When you reach the line that contains "New Arrival Man" in the data below, start reproducing lines exactly, and stop after the line that contains "Ayla Denim Jacket Cream Wash".
### EXERCISE MATERIALS ###
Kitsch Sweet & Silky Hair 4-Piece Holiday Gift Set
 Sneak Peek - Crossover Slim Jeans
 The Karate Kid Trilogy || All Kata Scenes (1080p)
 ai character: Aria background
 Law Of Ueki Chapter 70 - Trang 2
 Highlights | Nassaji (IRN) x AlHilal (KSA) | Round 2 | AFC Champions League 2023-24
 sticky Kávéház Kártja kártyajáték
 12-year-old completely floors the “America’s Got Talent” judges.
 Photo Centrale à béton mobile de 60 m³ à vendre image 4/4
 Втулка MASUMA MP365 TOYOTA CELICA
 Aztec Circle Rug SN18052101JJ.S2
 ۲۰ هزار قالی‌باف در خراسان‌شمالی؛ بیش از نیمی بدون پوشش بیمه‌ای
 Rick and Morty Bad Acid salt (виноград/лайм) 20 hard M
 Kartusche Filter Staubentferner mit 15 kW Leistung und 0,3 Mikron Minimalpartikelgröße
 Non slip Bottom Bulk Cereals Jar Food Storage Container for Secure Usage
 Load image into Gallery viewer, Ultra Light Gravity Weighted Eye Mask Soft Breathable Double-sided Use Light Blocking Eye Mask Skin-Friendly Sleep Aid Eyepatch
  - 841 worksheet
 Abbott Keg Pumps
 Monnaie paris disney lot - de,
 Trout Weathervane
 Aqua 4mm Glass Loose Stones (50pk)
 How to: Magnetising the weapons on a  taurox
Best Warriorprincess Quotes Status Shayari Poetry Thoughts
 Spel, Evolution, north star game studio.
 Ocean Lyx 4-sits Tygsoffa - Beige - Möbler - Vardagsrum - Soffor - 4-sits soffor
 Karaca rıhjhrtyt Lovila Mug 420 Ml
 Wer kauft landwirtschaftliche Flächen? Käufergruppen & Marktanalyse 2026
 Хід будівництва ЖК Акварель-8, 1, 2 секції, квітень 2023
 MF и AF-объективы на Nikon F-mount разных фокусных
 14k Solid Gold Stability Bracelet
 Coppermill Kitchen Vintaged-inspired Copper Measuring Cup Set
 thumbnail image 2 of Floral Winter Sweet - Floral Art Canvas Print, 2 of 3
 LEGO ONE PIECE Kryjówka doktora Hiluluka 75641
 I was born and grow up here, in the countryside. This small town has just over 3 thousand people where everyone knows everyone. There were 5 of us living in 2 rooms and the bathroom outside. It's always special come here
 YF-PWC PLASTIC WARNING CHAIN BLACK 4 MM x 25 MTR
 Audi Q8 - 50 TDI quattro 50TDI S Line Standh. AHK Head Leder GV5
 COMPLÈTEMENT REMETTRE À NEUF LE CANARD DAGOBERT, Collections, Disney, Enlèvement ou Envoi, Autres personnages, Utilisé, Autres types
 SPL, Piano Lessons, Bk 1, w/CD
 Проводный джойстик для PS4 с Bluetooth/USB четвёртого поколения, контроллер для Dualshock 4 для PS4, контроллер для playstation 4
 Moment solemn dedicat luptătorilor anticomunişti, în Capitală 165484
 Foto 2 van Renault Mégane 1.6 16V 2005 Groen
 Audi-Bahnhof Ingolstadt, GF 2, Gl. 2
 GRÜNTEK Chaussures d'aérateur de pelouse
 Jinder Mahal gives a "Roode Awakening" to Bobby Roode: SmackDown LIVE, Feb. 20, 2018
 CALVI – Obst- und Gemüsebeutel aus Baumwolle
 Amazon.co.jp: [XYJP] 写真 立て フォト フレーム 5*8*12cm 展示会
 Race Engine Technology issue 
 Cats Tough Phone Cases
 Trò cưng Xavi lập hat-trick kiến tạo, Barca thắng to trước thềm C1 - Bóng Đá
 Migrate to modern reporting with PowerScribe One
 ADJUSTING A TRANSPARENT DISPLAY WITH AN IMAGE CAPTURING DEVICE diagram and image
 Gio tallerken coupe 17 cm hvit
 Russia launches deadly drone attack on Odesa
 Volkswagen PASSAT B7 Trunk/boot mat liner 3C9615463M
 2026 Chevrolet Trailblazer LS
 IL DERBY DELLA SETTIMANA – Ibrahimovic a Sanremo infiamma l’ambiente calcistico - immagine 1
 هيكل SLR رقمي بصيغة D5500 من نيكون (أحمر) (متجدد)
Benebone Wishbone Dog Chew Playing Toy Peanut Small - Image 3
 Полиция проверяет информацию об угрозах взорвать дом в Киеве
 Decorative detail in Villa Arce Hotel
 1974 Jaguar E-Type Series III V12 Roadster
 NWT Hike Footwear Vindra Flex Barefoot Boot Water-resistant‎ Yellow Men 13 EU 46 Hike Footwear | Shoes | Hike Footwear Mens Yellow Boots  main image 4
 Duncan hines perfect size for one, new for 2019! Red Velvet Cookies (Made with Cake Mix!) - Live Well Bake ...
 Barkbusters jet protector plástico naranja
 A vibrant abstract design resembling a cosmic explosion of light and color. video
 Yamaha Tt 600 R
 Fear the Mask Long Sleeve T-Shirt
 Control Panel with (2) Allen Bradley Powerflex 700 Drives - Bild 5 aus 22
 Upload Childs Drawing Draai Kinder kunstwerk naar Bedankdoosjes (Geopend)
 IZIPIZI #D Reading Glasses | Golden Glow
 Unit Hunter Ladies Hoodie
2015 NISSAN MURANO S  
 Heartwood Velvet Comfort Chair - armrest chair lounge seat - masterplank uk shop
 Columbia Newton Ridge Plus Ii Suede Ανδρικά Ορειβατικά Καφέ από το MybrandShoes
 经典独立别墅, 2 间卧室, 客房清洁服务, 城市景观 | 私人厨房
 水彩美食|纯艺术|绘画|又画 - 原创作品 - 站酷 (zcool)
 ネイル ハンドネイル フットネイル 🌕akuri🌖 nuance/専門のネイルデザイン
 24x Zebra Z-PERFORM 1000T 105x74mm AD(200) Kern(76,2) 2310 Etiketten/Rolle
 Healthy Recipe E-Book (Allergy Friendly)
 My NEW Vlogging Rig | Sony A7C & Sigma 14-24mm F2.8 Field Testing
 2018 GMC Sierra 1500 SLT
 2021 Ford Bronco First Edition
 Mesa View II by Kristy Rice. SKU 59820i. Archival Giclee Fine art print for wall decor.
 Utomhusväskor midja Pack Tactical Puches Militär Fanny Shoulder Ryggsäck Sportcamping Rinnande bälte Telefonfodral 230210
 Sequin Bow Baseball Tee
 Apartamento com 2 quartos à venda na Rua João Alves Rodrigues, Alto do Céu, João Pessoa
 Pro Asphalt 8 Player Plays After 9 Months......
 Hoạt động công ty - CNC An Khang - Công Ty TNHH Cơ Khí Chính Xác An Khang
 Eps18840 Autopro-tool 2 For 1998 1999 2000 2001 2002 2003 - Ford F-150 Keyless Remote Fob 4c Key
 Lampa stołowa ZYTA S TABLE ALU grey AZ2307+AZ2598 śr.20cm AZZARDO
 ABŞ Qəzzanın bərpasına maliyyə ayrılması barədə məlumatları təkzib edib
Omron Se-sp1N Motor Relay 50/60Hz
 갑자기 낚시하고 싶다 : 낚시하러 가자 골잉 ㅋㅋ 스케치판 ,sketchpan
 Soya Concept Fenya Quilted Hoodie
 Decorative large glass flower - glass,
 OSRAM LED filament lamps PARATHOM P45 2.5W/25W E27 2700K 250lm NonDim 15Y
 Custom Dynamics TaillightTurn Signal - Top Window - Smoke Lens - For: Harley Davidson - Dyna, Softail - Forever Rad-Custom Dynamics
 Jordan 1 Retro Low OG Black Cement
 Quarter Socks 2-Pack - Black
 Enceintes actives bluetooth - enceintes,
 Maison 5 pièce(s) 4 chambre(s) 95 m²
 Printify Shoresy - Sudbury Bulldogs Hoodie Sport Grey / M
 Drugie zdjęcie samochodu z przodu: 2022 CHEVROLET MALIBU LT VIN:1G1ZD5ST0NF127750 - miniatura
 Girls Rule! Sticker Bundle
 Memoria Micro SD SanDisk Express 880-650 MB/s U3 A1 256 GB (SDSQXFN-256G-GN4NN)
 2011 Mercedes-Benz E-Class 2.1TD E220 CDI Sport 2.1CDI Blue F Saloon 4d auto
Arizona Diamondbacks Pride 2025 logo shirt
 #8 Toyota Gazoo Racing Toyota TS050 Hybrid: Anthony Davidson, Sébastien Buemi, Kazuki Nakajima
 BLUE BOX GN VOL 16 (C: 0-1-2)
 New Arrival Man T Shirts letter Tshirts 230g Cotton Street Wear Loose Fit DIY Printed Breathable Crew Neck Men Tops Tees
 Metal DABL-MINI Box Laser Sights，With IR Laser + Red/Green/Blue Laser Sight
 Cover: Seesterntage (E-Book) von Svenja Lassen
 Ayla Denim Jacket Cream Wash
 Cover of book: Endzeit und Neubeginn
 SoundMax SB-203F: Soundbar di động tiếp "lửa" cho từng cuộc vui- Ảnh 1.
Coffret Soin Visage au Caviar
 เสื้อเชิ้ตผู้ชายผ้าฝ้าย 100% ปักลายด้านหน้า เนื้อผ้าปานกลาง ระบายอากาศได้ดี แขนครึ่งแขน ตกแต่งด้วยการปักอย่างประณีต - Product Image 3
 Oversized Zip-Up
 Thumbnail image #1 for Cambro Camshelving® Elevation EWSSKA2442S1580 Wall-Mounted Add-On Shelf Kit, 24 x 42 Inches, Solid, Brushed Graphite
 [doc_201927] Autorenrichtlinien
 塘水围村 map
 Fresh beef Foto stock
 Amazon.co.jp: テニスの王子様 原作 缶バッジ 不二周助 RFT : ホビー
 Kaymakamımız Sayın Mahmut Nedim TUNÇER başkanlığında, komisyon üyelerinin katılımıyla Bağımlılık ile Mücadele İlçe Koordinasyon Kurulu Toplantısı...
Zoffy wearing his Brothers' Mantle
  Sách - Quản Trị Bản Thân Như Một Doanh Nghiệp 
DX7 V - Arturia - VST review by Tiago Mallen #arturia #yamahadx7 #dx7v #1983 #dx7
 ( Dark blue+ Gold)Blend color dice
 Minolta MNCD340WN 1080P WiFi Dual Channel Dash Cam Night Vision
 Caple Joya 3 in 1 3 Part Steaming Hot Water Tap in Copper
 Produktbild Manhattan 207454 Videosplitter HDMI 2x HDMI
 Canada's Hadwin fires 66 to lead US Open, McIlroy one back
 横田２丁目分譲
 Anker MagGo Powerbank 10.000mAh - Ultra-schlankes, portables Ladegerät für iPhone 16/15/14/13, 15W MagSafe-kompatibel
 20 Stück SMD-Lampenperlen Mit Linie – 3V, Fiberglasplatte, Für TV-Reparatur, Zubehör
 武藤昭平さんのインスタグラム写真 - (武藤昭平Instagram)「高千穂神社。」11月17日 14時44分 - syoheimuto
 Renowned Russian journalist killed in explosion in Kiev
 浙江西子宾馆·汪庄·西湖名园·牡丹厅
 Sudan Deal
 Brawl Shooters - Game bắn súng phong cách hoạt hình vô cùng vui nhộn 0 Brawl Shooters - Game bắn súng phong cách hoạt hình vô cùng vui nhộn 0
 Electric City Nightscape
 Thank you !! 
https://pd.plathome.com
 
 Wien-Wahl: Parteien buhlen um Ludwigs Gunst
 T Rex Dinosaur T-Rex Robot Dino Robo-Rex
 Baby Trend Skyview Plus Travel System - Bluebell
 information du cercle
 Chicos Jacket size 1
###
_WRITTEN REPLY_:
 New Arrival Man T Shirts letter Tshirts 230g Cotton Street Wear Loose Fit DIY Printed Breathable Crew Neck Men Tops Tees
 Metal DABL-MINI Box Laser Sights，With IR Laser + Red/Green/Blue Laser Sight
 Cover: Seesterntage (E-Book) von Svenja Lassen
 Ayla Denim Jacket Cream Wash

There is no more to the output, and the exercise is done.